Legal liability is a wealth-risk exposure that every investor should try to avoid if at all possible.

The recent case decision by the Florida Supreme Court in Olmstead v. FTC raises real concerns about the specific use of limited-liability companies to protect assets. Even more so, it highlights the tendency and comfort with which the courts legislate from the bench.

If you hold your investments in your own name, then without question they are unprotected from every sort of legal cause of action that now exists or that trial lawyers — or the government — can conjure up as needed.

Virtually every U.S. state has responded to the needs of people to protect their assets by enacting legislation that limits the ability of creditors to enforce their money judgments. Limited-liability companies are among the most popular of these liability-limiting entities that investors use to own and, for estate planning, to transfer assets.

But the Olmstead decision shows that all isn’t so clear and reliable when it comes to the legal system. The problem that I see with the Olmstead decision is twofold.

Straightforwardly, the decision can be read to merely impact single-member limited-liability companies in Florida. The Florida legislature will either correct that problem or people just won't use Florida single-member LLCs.

But what about future cases, in other courtrooms, which involve varying factual circumstances?

The bigger problem is that the analysis the Florida Supreme Court used to get to the result it wanted shows that the Florida court, like other courts in the state and federal system, is certainly willing to torture legal reasoning to get to where it wants to go. This happens all too often.

It isn’t that Shaun Olmstead was a very sympathetic person or that the FTC wasn't fully justified in going after him. Basically, Olmstead was running a credit-card scam and the FTC got a big judgment that it wanted to collect.

But to get at Mr. Olmstead, the court had to use quite some legal gymnastics. And that's the problem. Bad facts make for bad law. If a court wants to get to a certain result, then essentially what happened to Mr. Olmstead, in terms of the court's legal analysis, can happen to you.

The litigation industry in full swing, and the courts are willing to effectively re-write the law from the bench. Logically, when it comes to protecting your assets for your own financial survival, then the more reliable planning objective clearly is to hold assets in a legal form that is not subject to the jurisdiction — the control — of the local courts.

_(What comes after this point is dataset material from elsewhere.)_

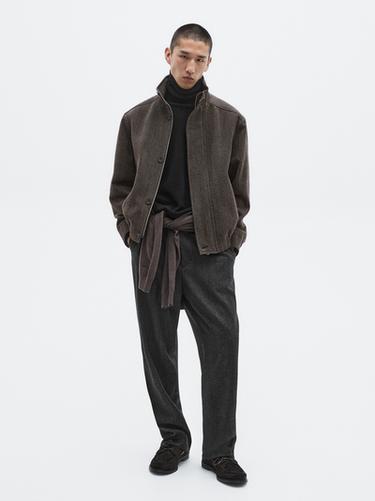 Zara Wool blend herringbone bomber jacket - LIMITED - Gray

One legal means that investors are finding "safer" is to set up a foreign trust to hold securities and cash. A number of international jurisdictions have specific asset-protection trust legislation and welcome the opportunity to provide their services.

Clearly, there are plenty of U.S. states that have recently enacted similar protection-from-creditor trust law as the foreign jurisdictions.

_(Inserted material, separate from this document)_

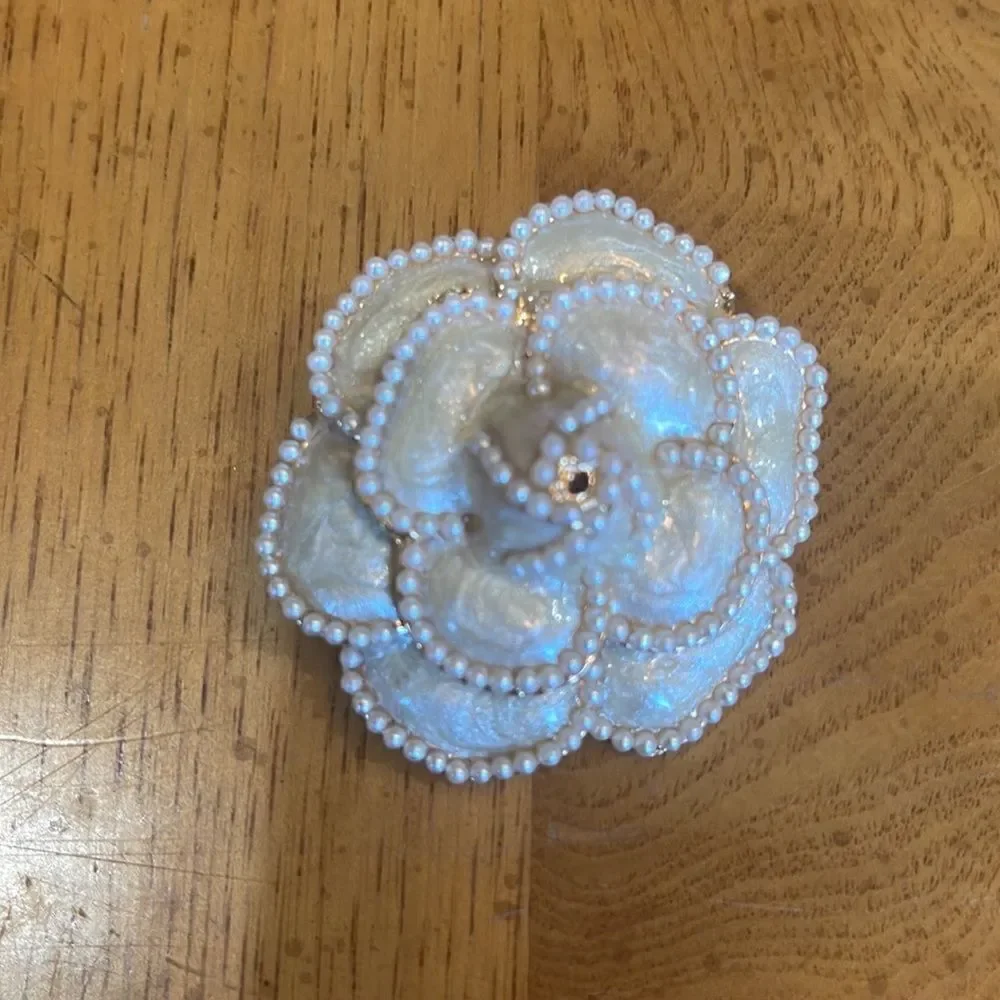 Pearl Camellia Flower Brooch Pin Ivory White Couture Style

But it is hard to escape that using a domestic trust still leaves the assets of the trust exposed to the domestic court system.

In the past, there were concerns that a foreign trust would run afoul of the IRS. That problem has been cleared up by the recent enactment of the Foreign Account Compliance Tax Act, passed as part of Obamacare.

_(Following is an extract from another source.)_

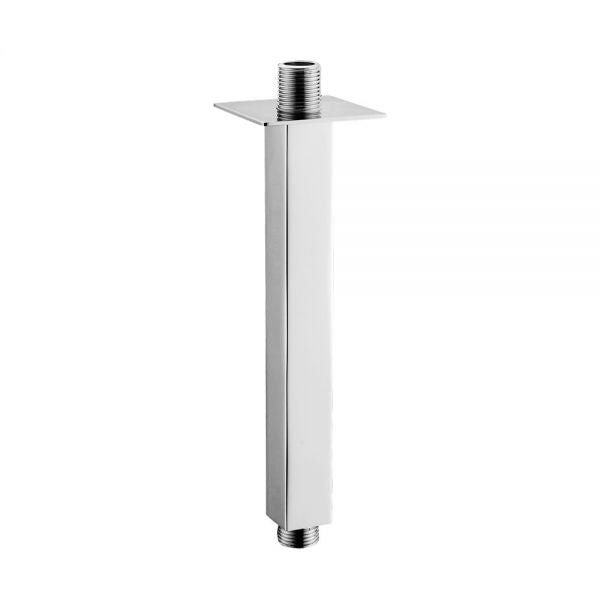 Square Chrome Ceiling Shower Arm – 8 Inch Extension Pipe with Flange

FACTA now provides the ground rules that were needed to make using a foreign trust compliant for federal tax-reporting purposes. Effectively, a taxpayer using a foreign trust knows exactly what needs to be filed.

Trusts have been historically used for tax, estate, and wealth protection.

The threats to wealth and the ability to keep what you have worked a lifetime to earn is at growing risk. Olmstead merely highlights an ongoing problem of the U.S. legal system.

For those who want to have peace of mind in protecting and conserving their wealth, then the foreign trust is the safer way to hold cash and securities.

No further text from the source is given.